Libertà espressiva nella spiritualità laica

Poems and Reflections ilaria 16 maggio 2008

La nostra vera natura spirituale, se ascoltata con rispetto, è aldilà del
dualismo.  Purtroppo lo schema mentale delle religioni, sovrimposto alla
spontanea rivelazione dell’umano in noi, continua ad offuscare la semplice
coscienza di esistere, di appartenere ad un tutto iscindibile di cui siamo
parte integrante.

Prima ancora di essere  cristiani, maomettani o buddisti, noi siamo
“coscienza” ma tale consapevolezza è talmente offuscata che le nostre
intrinseche qualità  vengono sommerse da una pletora di idee, costrizioni e
strutturazioni precostituite da vari credo religiosi. Un recinto che
impedisce la libertà espressiva in termini di spiritualità naturale
dell’uomo.

Basti vedere l’uso improprio che viene fatto  del termine “laico” dalla
religione cattolica, sottintendendo si tratti di persona  non appartenente
alla classe sacerdotale  ma membro della religione. Cosa assurda dal punto
di vista  etimologico e glottologico. Ma questo misuso viene portato
sfacciatamente avanti nelle menzioni fatte dal vaticano in riferimento ai
cosidetti credenti “laici”  della chiesa (intendendo persone comuni,
capifamiglia od altro non ordinati nella casta sacerdotale ma appartenenti
alla religione).    Questo imbroglio lessicale contribuisce a mistificare  e
differenziare  quel che è  assolutamente indivisibile: lo spirito.

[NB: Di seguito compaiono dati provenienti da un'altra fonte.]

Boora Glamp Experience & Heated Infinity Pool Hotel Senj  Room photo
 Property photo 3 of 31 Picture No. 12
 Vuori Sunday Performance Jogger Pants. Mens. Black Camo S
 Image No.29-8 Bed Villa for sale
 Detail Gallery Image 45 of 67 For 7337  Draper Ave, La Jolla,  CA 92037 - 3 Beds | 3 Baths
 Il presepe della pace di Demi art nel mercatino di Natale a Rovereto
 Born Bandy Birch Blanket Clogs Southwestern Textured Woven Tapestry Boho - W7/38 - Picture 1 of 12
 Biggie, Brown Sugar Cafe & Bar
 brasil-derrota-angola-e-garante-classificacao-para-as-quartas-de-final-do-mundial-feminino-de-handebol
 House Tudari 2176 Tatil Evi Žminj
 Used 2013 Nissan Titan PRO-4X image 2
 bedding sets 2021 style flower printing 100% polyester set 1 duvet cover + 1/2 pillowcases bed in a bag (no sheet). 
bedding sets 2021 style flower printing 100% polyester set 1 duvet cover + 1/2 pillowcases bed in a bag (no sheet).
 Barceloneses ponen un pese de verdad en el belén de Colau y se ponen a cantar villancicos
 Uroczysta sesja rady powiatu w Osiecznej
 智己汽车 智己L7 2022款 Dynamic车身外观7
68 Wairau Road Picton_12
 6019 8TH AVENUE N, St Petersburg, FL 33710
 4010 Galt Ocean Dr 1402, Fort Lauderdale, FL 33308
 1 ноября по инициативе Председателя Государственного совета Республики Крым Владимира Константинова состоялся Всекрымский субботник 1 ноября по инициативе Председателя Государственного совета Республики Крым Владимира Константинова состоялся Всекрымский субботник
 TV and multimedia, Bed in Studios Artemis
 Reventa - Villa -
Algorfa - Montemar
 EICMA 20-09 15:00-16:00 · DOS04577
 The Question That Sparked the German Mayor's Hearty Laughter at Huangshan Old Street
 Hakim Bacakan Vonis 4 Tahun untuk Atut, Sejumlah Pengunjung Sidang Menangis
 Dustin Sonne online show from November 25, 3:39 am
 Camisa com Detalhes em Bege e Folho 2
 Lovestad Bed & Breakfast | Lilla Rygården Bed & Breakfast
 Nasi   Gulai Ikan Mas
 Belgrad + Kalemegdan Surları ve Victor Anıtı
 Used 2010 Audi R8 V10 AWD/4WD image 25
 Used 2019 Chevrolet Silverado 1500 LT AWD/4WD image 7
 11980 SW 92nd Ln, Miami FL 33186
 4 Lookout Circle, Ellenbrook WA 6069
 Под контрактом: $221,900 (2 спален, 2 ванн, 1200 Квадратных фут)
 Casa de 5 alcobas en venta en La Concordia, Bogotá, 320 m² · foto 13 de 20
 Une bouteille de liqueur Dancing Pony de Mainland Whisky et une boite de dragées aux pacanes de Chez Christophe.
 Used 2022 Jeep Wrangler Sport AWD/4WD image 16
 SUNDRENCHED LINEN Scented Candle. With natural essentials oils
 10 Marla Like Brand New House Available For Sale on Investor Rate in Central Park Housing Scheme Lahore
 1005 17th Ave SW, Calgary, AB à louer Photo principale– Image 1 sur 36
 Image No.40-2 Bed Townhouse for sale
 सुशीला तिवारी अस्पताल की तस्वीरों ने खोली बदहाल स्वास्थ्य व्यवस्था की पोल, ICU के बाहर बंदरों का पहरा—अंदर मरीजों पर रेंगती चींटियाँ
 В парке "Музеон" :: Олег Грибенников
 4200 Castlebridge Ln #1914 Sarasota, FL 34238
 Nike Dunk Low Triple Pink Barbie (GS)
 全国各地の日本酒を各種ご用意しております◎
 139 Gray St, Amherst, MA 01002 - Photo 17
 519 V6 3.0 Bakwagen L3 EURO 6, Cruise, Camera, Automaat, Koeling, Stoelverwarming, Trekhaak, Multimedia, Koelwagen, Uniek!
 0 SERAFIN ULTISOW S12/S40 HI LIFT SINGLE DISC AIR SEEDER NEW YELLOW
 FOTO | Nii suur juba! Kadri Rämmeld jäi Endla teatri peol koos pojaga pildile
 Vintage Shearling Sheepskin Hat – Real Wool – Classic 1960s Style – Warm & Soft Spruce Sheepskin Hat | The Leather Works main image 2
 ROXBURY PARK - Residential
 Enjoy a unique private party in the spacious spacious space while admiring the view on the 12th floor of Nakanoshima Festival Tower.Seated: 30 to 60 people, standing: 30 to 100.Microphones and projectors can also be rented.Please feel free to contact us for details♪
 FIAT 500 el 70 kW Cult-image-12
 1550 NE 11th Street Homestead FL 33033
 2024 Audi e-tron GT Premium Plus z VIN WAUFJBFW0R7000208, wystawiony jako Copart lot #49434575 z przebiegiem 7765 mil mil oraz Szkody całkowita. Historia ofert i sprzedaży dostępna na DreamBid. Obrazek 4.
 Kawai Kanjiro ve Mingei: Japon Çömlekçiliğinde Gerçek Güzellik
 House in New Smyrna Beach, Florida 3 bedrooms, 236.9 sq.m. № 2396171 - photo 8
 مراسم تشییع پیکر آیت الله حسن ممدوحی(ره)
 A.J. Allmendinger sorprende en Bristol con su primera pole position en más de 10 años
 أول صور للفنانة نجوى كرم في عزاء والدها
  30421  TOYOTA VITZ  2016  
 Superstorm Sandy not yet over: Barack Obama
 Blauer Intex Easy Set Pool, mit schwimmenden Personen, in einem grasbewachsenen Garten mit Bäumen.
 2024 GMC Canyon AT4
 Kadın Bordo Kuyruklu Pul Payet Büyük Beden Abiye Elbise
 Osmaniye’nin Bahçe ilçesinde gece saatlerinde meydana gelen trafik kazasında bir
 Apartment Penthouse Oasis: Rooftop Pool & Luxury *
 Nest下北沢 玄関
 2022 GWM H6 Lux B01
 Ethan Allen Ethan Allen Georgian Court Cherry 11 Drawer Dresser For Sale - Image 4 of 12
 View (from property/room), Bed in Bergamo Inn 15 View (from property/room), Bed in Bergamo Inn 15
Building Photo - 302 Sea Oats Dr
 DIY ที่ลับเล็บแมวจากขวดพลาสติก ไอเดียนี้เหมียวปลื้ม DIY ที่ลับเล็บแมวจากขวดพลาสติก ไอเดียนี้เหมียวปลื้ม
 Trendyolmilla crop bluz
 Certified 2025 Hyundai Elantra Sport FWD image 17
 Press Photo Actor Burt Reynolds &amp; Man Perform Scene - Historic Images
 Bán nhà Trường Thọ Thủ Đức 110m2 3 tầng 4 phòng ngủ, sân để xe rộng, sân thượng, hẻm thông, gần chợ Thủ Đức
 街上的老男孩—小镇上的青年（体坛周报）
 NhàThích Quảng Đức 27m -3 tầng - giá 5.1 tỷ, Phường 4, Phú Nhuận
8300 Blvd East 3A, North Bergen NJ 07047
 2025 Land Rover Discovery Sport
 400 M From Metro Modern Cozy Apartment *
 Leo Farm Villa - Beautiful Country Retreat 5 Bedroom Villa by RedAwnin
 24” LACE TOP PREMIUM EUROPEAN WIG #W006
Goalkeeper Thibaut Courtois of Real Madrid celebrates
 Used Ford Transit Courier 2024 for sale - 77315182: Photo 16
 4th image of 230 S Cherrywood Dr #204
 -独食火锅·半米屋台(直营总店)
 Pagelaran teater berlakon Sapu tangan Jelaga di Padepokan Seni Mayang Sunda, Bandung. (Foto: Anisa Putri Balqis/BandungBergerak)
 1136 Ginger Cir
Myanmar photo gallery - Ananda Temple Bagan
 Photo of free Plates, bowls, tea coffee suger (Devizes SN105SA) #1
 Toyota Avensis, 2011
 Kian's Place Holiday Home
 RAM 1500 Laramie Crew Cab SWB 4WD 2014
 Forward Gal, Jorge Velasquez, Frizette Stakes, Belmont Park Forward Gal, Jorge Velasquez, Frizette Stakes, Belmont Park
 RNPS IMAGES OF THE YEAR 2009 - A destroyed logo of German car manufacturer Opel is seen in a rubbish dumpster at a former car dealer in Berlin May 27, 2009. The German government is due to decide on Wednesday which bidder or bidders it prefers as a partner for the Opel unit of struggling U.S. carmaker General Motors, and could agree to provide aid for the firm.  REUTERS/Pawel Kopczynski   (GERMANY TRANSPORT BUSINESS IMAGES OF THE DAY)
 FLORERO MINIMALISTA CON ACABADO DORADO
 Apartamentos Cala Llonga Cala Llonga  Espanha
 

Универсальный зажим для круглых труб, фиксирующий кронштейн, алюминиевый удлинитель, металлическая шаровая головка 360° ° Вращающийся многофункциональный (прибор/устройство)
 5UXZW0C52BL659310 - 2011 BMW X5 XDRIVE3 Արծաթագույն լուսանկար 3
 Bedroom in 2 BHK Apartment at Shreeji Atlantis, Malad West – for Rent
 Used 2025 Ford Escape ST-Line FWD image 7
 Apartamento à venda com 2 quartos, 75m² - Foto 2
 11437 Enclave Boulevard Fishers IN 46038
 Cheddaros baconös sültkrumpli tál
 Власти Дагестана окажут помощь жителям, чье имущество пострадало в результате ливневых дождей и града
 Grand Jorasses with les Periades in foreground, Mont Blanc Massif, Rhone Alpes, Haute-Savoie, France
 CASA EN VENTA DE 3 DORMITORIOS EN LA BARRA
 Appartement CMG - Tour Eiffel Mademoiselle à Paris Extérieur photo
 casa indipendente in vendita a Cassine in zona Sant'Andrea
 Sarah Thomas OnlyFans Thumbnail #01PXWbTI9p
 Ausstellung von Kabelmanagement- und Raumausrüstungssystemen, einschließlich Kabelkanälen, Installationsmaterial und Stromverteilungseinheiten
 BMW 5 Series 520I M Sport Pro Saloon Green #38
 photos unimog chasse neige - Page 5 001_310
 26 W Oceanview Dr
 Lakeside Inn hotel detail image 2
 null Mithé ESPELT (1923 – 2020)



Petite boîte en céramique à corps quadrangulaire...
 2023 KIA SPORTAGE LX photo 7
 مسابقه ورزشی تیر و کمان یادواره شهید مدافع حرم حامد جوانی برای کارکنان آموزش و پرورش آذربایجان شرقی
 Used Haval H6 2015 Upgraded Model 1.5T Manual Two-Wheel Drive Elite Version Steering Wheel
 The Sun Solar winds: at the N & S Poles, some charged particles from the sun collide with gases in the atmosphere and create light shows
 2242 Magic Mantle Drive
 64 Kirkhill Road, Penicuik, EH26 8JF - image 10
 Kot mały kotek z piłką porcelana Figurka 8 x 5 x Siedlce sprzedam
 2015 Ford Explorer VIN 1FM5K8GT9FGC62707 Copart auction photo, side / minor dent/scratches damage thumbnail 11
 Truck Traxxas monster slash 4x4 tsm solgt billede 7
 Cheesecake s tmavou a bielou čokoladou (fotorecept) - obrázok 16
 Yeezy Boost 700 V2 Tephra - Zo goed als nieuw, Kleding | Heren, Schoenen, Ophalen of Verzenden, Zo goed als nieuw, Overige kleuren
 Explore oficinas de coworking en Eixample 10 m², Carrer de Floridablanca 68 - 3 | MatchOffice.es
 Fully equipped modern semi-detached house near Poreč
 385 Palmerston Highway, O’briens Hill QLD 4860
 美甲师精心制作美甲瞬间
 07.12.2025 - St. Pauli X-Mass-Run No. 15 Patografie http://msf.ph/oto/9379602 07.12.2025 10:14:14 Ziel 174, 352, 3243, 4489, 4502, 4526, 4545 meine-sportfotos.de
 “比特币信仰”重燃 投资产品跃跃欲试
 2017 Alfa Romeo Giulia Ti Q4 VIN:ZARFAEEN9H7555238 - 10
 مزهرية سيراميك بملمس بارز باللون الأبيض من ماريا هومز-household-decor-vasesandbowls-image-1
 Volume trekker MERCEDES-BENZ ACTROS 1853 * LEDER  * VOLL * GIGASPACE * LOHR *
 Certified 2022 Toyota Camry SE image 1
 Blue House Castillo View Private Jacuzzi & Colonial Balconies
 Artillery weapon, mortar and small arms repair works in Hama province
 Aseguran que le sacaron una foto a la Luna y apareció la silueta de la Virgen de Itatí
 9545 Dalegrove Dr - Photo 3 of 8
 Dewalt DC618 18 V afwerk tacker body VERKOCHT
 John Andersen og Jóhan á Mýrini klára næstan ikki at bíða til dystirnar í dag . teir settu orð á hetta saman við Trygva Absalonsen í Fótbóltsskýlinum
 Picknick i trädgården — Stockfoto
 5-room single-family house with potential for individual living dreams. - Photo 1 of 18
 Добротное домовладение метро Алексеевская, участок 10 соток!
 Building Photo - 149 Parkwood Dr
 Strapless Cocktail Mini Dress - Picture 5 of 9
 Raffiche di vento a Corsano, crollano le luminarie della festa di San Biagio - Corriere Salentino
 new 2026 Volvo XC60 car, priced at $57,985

Dalla nascita alla morte restiamo in una gabbia ed uscirne sembra quasi
impossibile. Pian piano l’uomo si sta riconoscendo  sempre più abitante
della Terra e non particolarmente di una religione od etnia. Questa tendenza
alla “unità” va aiutata  attraverso  la coscienza di una vera spiritualità
naturale e laica, che riporti la libertà personale dell’uomo alla sua
originaria manifestazione.

I bambini, i neonati, sono i primi sfruttati, in senso ideologico e
religioso, obbligati dai loro stessi genitori  e dagli obblighi “sociali”
(ormai consolidati) a sottostare alle  strumentalizzazioni religiose.  Prima
ancora che abbia potuto capire cosa significhi “religione”, un bambino
innocente viene obbligato ad un percorso religioso, del tutto
inconsapevolmente,  cominciando con il battesimo, poi  la cresima e poi
ancora  la comunione. Il bambino incolpevole viene legato ai riti e ad una
fede che non conosce e non ha l’età per capire se sia buona o cattiva.

In tal modo non si aiuta la libera espressione spirituale ma si rinchiude la
società in una prigione di pensieri, e ciò vale sia per le religioni che per
le ideologie.
Invito le persone per bene e sincere a divenire consapevoli di ciò,
contemporaneamente invito i “religiosi” (ovvero gli ipocriti imbroglioni) a
smetterla con questo  massacro dell’intelligenza umana.